Learning the Front Squat

The front squat is one of the best exercises, period. It can help build strength and power. It can help burn fat. And it can add size and muscle, too. However, like any compound exercise, it needs to be done with proper form.

Read on to learn more about this fantastic lift, and how to avoid common pitfalls that come with it.

Like the more commonly used back squat, the front squat works your upper body, core, and legs all in one movement. But unlike the back squat, it is less stressful on your back (less forward bending = less shear on the spine), it forces you to maintain better posture throughout the movement, and, simply put, it’s a heck of a lot more difficult to get good at.

Front squat vs. back squat

Before diving into the front squat in greater detail, remember one thing – any squat variation is a good squat variation. The squat is a great exercise for so many reasons, and just the fact that you are using at least one variation in your workout routine is a great start. The back squat is easier to learn, and you can usually squat a lot more weight compared to a front squat. But it is also easier to get injured back squatting because of the bar placement and how said bar placement changes the movement (especially if you have any weak points along the way). And the back squat places a lot of stress on the shoulders, making it an exercise to be cautious of if you are an overhead athlete (baseball, volleyball, and so on).

Why front squats?

Why is the front squat a preferable exercise over the back squat?

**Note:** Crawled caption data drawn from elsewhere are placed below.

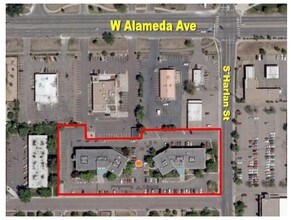 393 S Harlan St, Lakewood, CO - Aerial  map view - Image1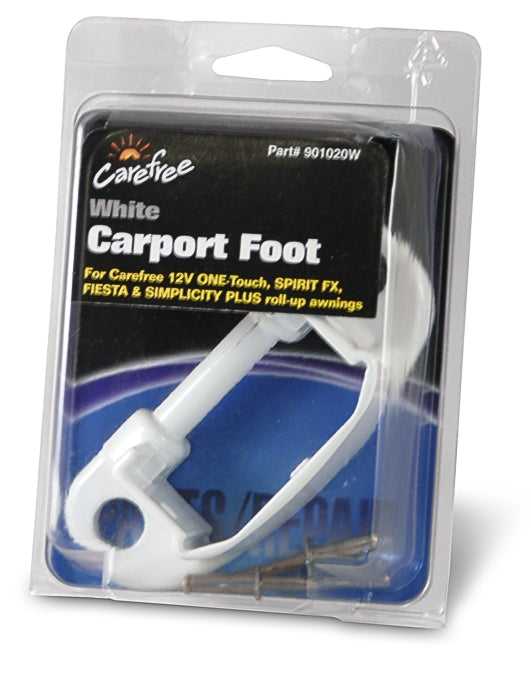 901020W Awning Carport Foot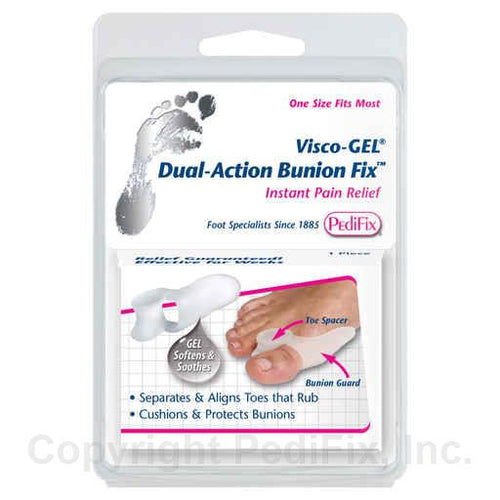 Visco-GEL® Dual-Action Bunion Fix™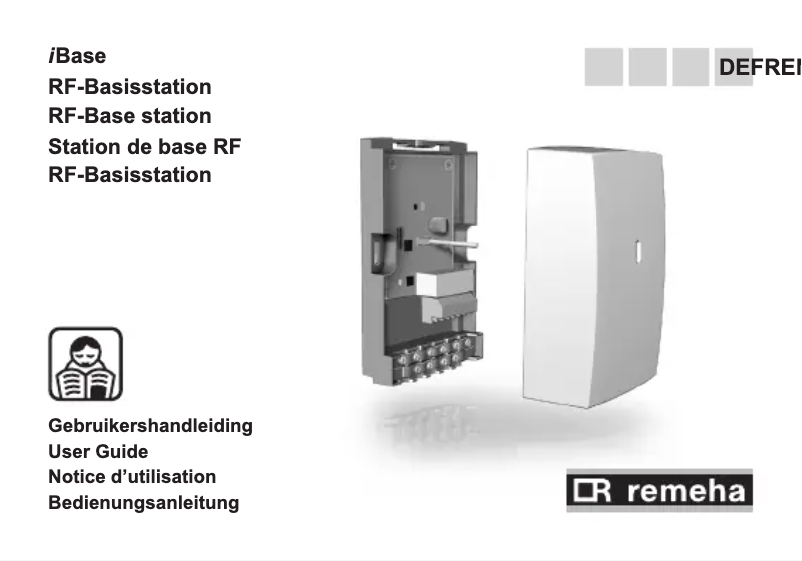 Página 1 del manual Manual de usuario Remeha iSense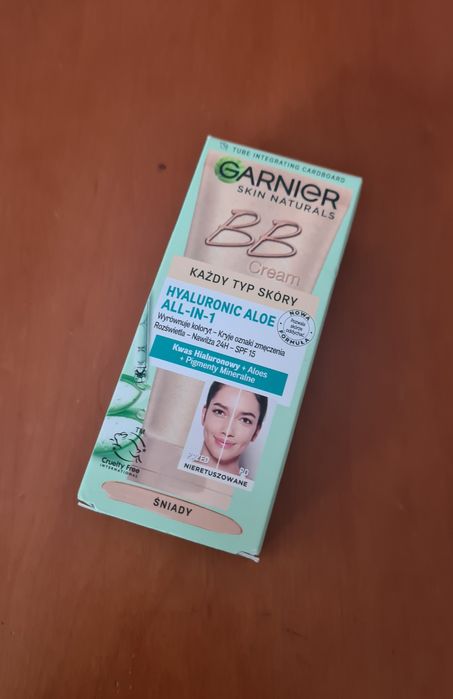 Krem BB Garnier, kolor śniady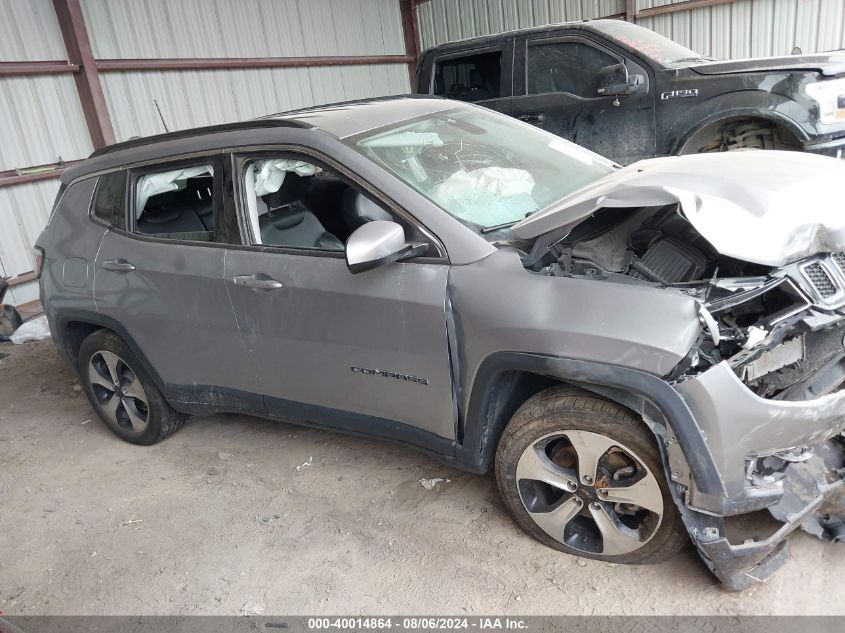 2018 Jeep Compass Latitude 4X4 VIN: 3C4NJDBB2JT135879 Lot: 40014864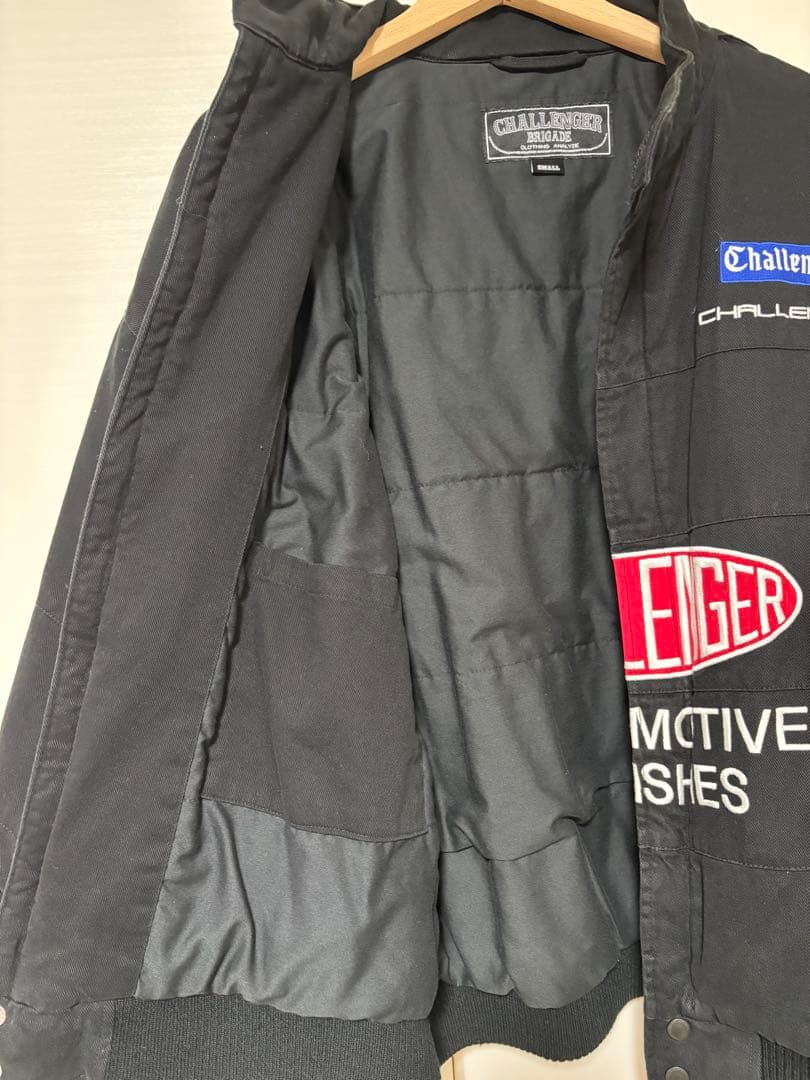 【美品Sサイズ】CHALLENGERナショナルレーシングジャケット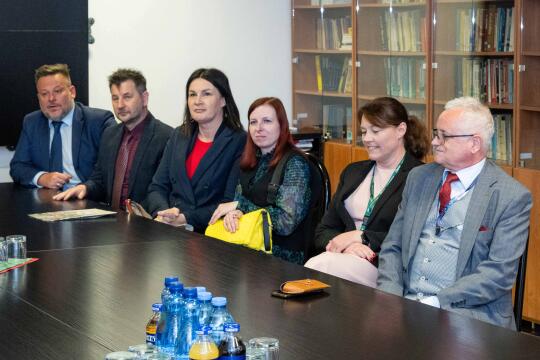 PW_480_006_fot. Piotr Wojnarowski.jpg-Miszalski, Lis, rektor, AGH, UMK, list intencyjny, Cyfronet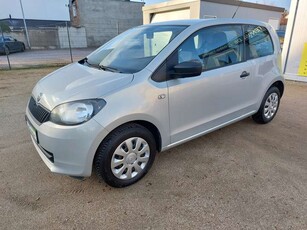 Skoda CitigoActive, 2.-Hand, Scheckheft gepfl., Klima, Navi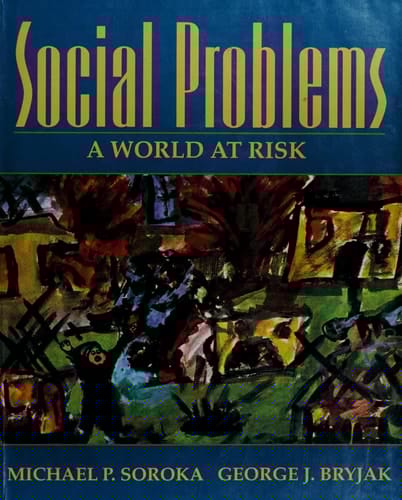 Social Problems: A World at Risk
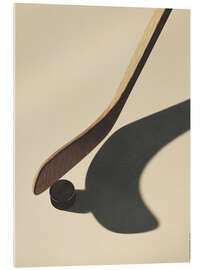 Quadro em acrílico Hockey stick - Andreas Magnusson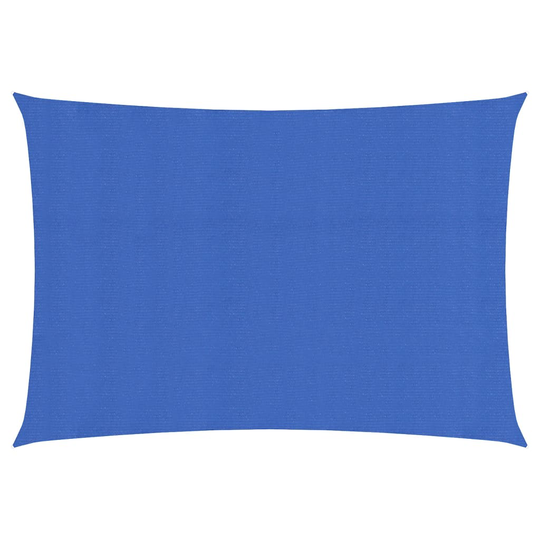 vidaXL Aurinkopurje 160 g/m² sininen 2x3,5 m HDPE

Here is a handy picture to look at the differences in position depending on where the bar is:

Any squat variation is going to be difficult to execute properly if you have poor hip and/or ankle mobility, but you will notice it more during front squats. It is corrective in nature – if you have an underlying issue, the front squat is going to let you know very quickly what it is.

The front squat places more of a stress on the core relative to the back squat, as you will be actively working throughout the movement to keep your elbows up and the weight from dropping forward. You very likely won’t be able to squat as much weight with front squats compared to back squats, but if you are seeing better gains and minimizing your injury risk, who cares? Check the ego at the door – front squats provide better glute activation and allow for greater depth, too.

Eric Cressey’s main problem with back squats:

The main problem with the back squat, in my eyes, is that not everyone has sufficient upper body mobility to position and stabilize the bar properly.  As a result, it can “roll forward” on people – and that’s where more of the forward lean problems come about.  More forward lean equates to more shear stress, and an increased risk of going into lumbar flexion under compressive load.  The front squat – even under heavier loads – keeps a lifter more upright, or else he’ll simply dump the bar.

If you have proper mobility at all of the major joints, and no knee pain, there isn’t any extra benefit to doing front squats compared to back squats. But I’d wager that very few people have proper mobility at every major joint and absolutely zero knee pain.

Common mistakes with front squats

The grip

The classic front squat grip is a clean grip. Most people don’t have the shoulder/elbow/wrist mobility to comfortably grip the bar clean while squatting, but with a few simple stretches that can be corrected in a week or two. Here is a great way to build a stronger front rack (you are “racking” the weight on your shoulders, hence the name):

And for those that still struggle with the clean grip, you can use a crossover grip temporarily while you work to improve your flexibility or level of comfort with the clean grip (even using an unloaded bar to start will really help).

The cross-arm grip isn’t the preferred method, though.

It’s much harder to keep your elbows up with the crossed-arm grip, and if your elbows don’t stay up, the bar will roll off your shoulders. The clean grip is therefore not only safer than the crossed-arm grip, it also allows you to Front Squat heavier weights.

And I recently came across a great tip – using lifting straps to help with your front squat grip. Why is this beneficial? Well, it allows you to use a clean grip without hurting your wrists or forearms, and it is safer than the cross grip (especially if you are lifting a heavy load).

Lifting straps are really cheap and you can pick them up at any fitness/gym store.

How to implement front squats

As with any compound lifts, they should be done at or near the beginning of your workout. And lifting heavy two or three days a week is fine, too. You can and should be working on your squat technique every day (especially if there are weak points). That could mean goblet squats, or just working on mobility and/or flexibility. There are an infinite number of ways to program squats in – high volume and minimal rest time for fat loss, high weight and long rest time for strength or power gains, and so on. Figure out your goals first, and then choose your sets and reps accordingly.

Putting it all together

Learning a new exercise is always difficult. For the first few sessions, try and find a coach or more experienced trainer to watch and correct your form. Or film yourself doing a front squat set and compare it to how the lift should look.

It isn’t beneficial to take a bunch of information in your head into the gym – clear mind, better workout (in my experience, at least). But here are the most important front squat cues to remember:

  • look forward
  • drive your elbows up throughout the movement
  • stand tall
  • toes forward
  • drive your knees out as you descend (but don’t open your feet at all)
  • pull your hamstrings to the ground

The front squat isn’t an easy lift to learn, but once you master it, you will see significant improvements in whatever you are hoping to accomplish. And if you are an athlete, you will see a direct correlation from this exercise to improved athletic performances, too. It’s an extremely functional movement.